GIVEN RECORDS
☆ ☆ ☆ ☆ ☆ ☆ ☆

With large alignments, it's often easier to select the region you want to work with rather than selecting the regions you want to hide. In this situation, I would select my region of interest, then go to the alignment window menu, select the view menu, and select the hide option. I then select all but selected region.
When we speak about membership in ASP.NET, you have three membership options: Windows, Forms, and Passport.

☆ ☆ ☆ ☆ ☆ ☆ ☆

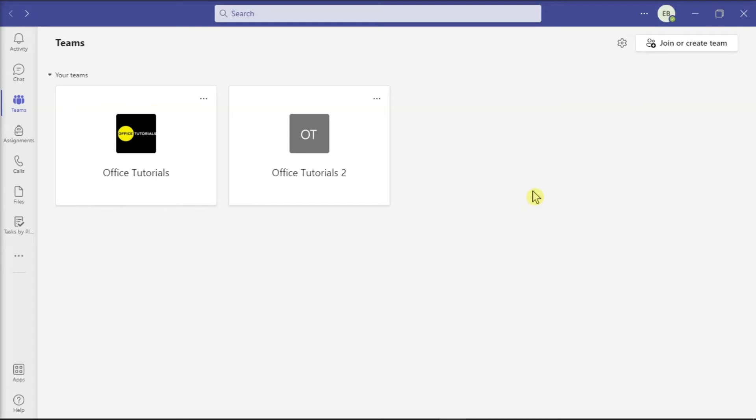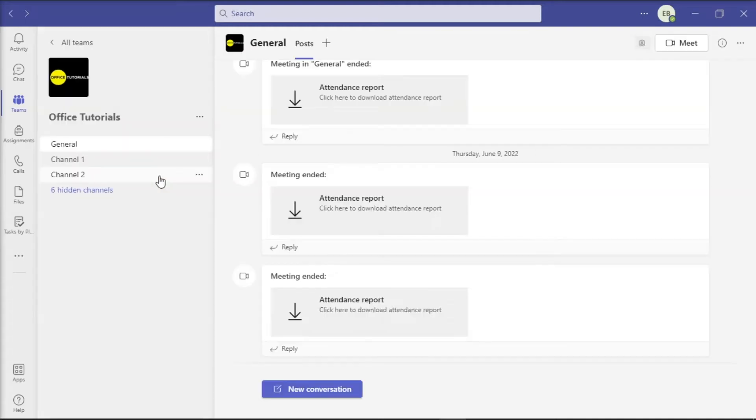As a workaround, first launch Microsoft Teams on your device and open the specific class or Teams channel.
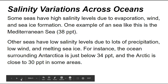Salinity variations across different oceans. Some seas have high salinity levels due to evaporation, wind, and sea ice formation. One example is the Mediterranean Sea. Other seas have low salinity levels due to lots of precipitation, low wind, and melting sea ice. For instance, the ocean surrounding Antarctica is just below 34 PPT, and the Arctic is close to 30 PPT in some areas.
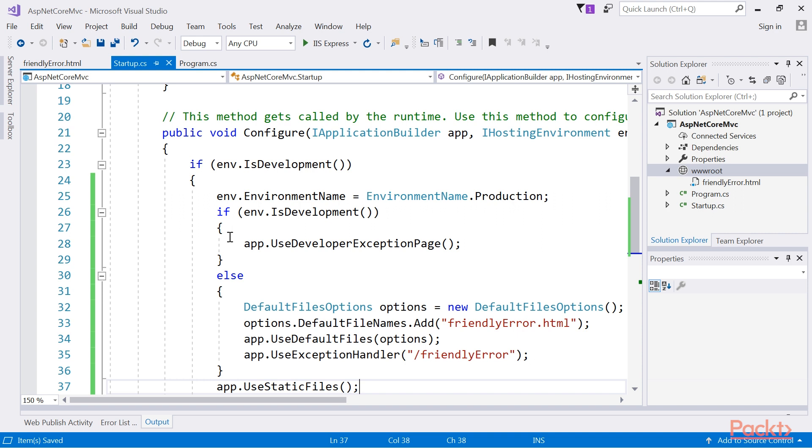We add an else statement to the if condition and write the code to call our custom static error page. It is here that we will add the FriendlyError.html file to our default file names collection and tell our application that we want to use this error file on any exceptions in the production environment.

☆ ☆ ☆ ☆ ☆ ☆ ☆

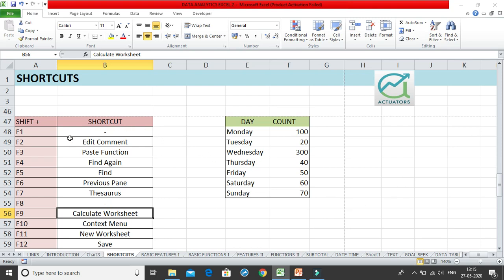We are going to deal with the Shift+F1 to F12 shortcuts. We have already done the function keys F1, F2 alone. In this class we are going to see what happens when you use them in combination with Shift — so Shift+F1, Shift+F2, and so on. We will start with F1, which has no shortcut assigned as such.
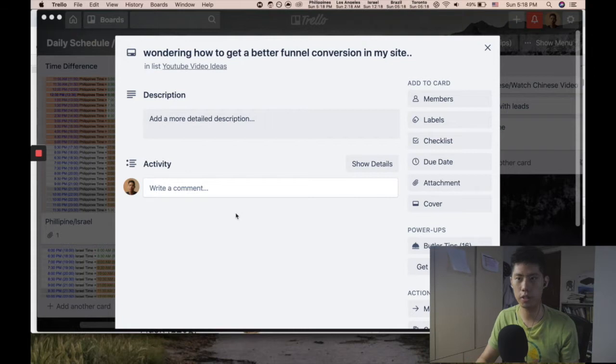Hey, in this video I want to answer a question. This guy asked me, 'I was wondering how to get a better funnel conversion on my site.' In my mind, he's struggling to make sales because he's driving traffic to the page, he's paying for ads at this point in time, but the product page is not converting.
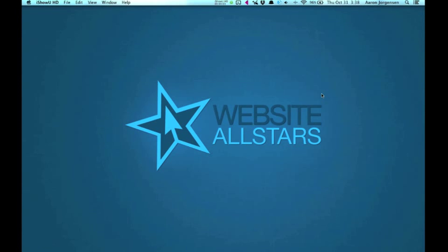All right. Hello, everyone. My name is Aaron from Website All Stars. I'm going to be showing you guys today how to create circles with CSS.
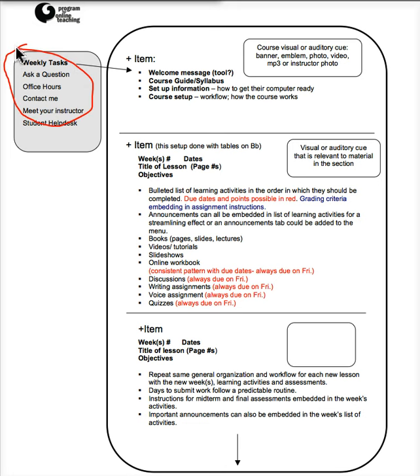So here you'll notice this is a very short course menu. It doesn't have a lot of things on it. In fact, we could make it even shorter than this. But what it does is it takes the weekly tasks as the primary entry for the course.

☆ ☆ ☆ ☆ ☆ ☆ ☆

PROBLEM
Line for line, output the entries above from the line with "As a workaround, first" to the line with "We add an else", both included, and nothing more. Skip pictures.

WRITTEN SOLUTION
As a workaround, first launch Microsoft Teams on your device and open the specific class or Teams channel.
Salinity variations across different oceans. Some seas have high salinity levels due to evaporation, wind, and sea ice formation. One example is the Mediterranean Sea. Other seas have low salinity levels due to lots of precipitation, low wind, and melting sea ice. For instance, the ocean surrounding Antarctica is just below 34 PPT, and the Arctic is close to 30 PPT in some areas.
We add an else statement to the if condition and write the code to call our custom static error page. It is here that we will add the FriendlyError.html file to our default file names collection and tell our application that we want to use this error file on any exceptions in the production environment.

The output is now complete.